We think it should be permanent. It has existed throughout our lives.

We think it should survive from one political administration to another, and in countries like the UK, it is deliberately set up to do that because the vast majority of people appointed to work within government are not political appointees, and that is meant to provide the stability that guarantees that government continues even if the particular administration in office changes.

We see the government as the bedrock of our country, of our economy, to some degree, even our culture, for which it does become a form of guarantor by providing support for the arts and everything else.

It helps provide our identity, of course, because the government exists to defend the state, which many of us will identify with because we live in it.

All of these things are seemingly key to what we understand government to do, but now we have Trump treating government as if it is peripheral. He's suggesting that it's take it or leave it: “I can run social security or not as the mood takes me, and if somebody is hurt on the way, who cares?”

All of this is totally unknown. Can we, quite literally, survive this approach to government, and could we survive it in the UK if it was done here?

We have no idea if the USA is going to survive this approach, but this is also of relevance in the UK because we know that Nigel Farage is one of the biggest fans of Donald Trump that there is, and we know that his Reform Party is riding pretty high in the polls in this country right now.

Rightly or wrongly, people believe it's got the answers to what we need, and we know that he, too, hates many of the programmes that government runs, including many in education and many in social security. Would he decide that it was also appropriate to simply turn government off if he got into office because he is, after all, demanding that government cuts of an enormous scale take place?

Is that what is going to happen?

I ask this because I think we need to think about the consequences of current actions.

The US government has not closed down as yet. I know that, but I also know that there is risk that it might.

So, we need to understand what government is all about.

We need to understand what it delivers.

We need to talk about those things.

We need to realise how important government is in our lives, and I promise you it is.

Even if you think it has nothing to do with you, it will with regard to your children.

It will with regard to your elderly relatives.

It will with regard to the protection it provides to your property, which you don't even think about, of course, until something goes wrong.

It will, with regard to some very basic things. You might say, health and safety is the curse of humankind, but I promise you, in the UK, we drive on the left for a good reason - because that way we aren't hit by people who are driving on the wrong side of the road. And I'm aware that in most other countries where this video will be watched, you drive on the right, but it is the simple rules that are put in place by government that protect us from harm.

All of those things - can we do without them?

Can we do without education?

Can we do without the medical care that is supplied in the USA by the US Federal government?

One-quarter of children in that country are dependent upon the government for their medical support.

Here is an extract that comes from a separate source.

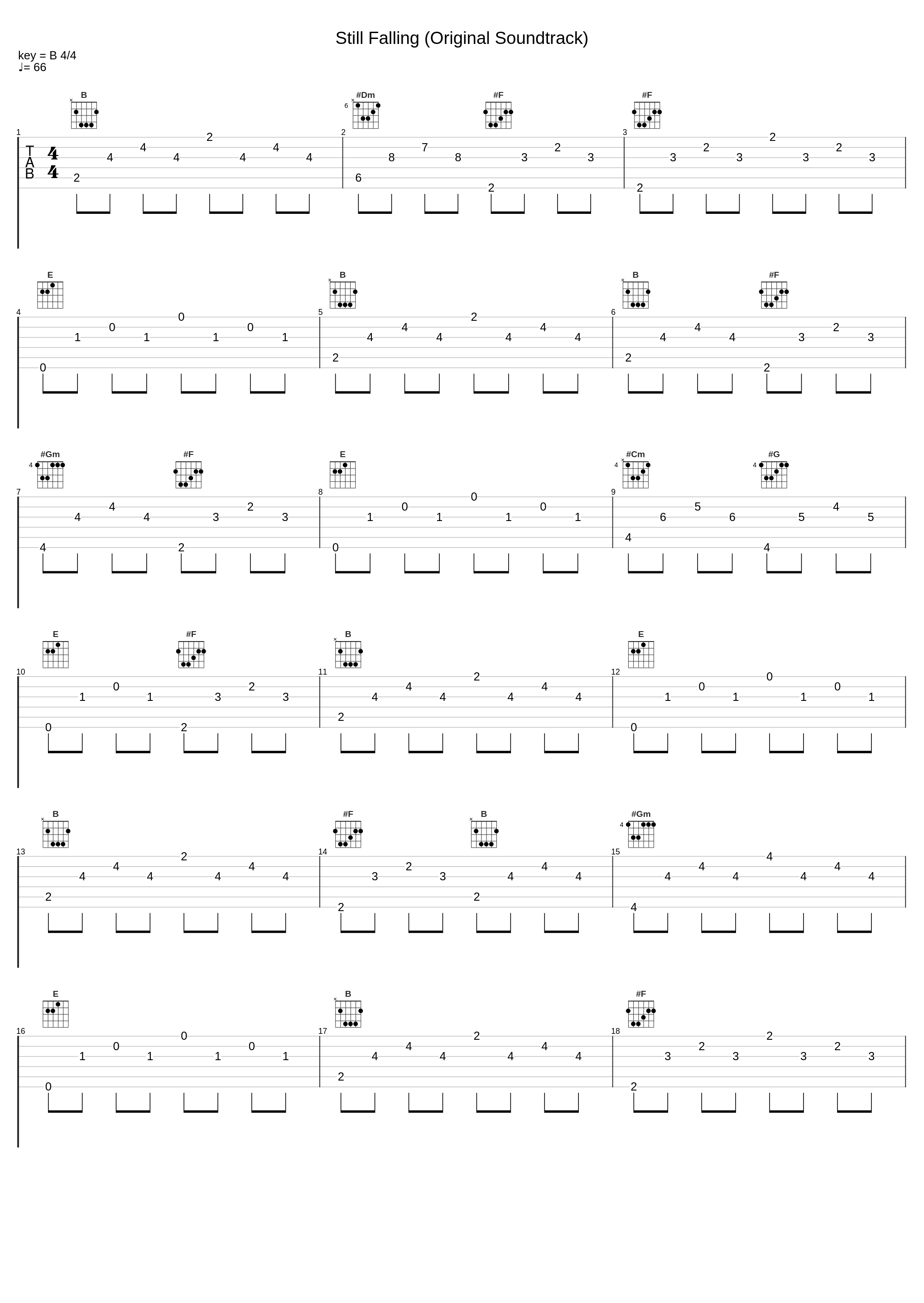 Still Falling (Original Soundtrack)_Tarrah_1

Can we do without defence, and so on?

We have to ask these questions and understand that government exists for a reason, and if it has a cost, that's because it's worth it.

So how much are we willing to pay to have the security, the stability, the continuity, the identity, that government provides to us. I suspect that when we sit back and think about it, we are going to realise we get not a bad deal from government overall when we count the value of those services supplied.

So please talk about this issue, share this video, talk about what else is coming up in the media around these points, and whatever it is that you come to a conclusion about, be sure to share it because unless we talk politics at this moment, and unless we talk about the value of government, we're not going to have one. And that is really worrying.